Quanto a Carla Bruni, amada por uns e apelidada de “dévoreuse d’hommes” por outros, é muito apreciada como mulher, tem sido idolatrada como ícone de beleza e foi, também, muito elogiada como cantora. Embora o seu último disco (No Promises, cantado em inglês) tenha sido um flop, os franceses adoraram o seu primeiro disco lançado em 2002 (Quelq’un m’a dit). O sucesso foi tal que até a esquerda intelectual se rendeu aos dotes vocais de Bruni, à sua inspiração e ao encanto de ver uma top model revelar tantos talentos fora das passerelles. Les Inrockuptibles, uma das grandes referências desta mesma esquerda artística, dedicou vários artigos e algumas capas a Carla Bruni reconhecendo o seu estilo musical, a sua veia de compositora e uma profundidade intelectual insuspeita.
Até aí Bruni era conhecida pela riqueza e pela beleza, pelas amigas nos desfiles (Cláudia Schiffer, Naomi Campbel e Kate Moss, entre outras da sua geração) e…pelos namorados. Ex de Mick Jagger, de Eric Clapton e de Donald Trump, também foi namorada de cineastas, actores, advogados, escritores e filósofos, todos com razoável exposição pública. O pai do seu único filho é Raphael Entoven, filósofo conhecido que trocou a namorada Justine Levy - filha do filósofo Bernard Henri Levy - por Carla Bruni que, por sua vez, tinha tido um romance com o próprio pai do namorado. Ou seja com aquele que agora é o avô do seu filho. Complicado?

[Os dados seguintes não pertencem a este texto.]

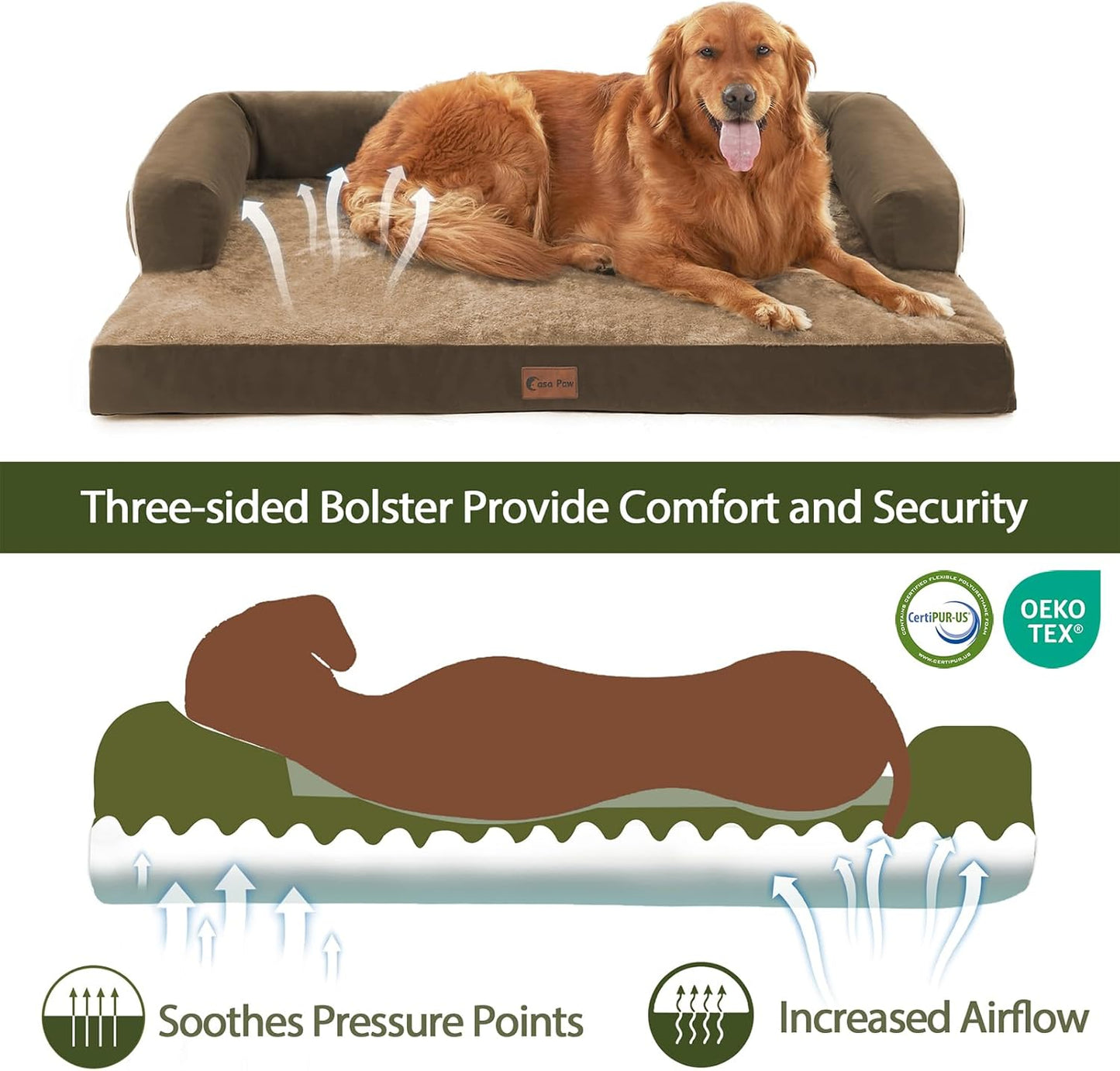 Orthopedic Dog Beds for Large Dogs, Waterproof Dog Beds, Egg-Crate Foam Dogs Couch Beds, Comfy Bolster Pet Bed with Removable Washable Cover, Nonskid Bottom (Large,Brown)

Talvez mas, ao mesmo tempo muito eloquente de uma vida vivida com intensidade e paixão.
Em matéria de políticos Sarkozy é a sua segunda conquista, depois de Laurent Fabius.
Todo este enunciado para quê? Para voltar à questão da perplexidade dos franceses (diria mesmo à perplexidade universal, dada a escala planetária da mediatização do romance do momento) e à dúvida de quase todos, quando olhamos para o calendário e recordamos as datas que marcaram a agenda presidencial francesa dos últimos meses. Em Outubro o Eliseu anunciou o divórcio entre Nicolas e Cécilia Sarkozy (assumidamente o amor da vida do presidente); em Novembro a notícia foi o “coup de foudre” entre Sarkozy e Bruni, que se conheceram num jantar de intelectuais e artistas promovido por Jacques Séguela (onde Carla foi acompanhada pelo namorado Denis Olivennes, patrão da FNAC, que há um ano deixou a mulher e os filhos por ela); em Dezembro o presidente declarou que a relação era “um caso sério” e, num gesto terno mas também ostensivo, abraçou Carla pela cintura, pôs o filho dela aos ombros e levou-os oficialmente pelas ruas de Petra, na Jordânia; em Janeiro o enigma é confirmar se já casaram ou não.
Casados ou por casar e olhando para o histórico afectivo de um e outro, a dúvida permanece: será amor?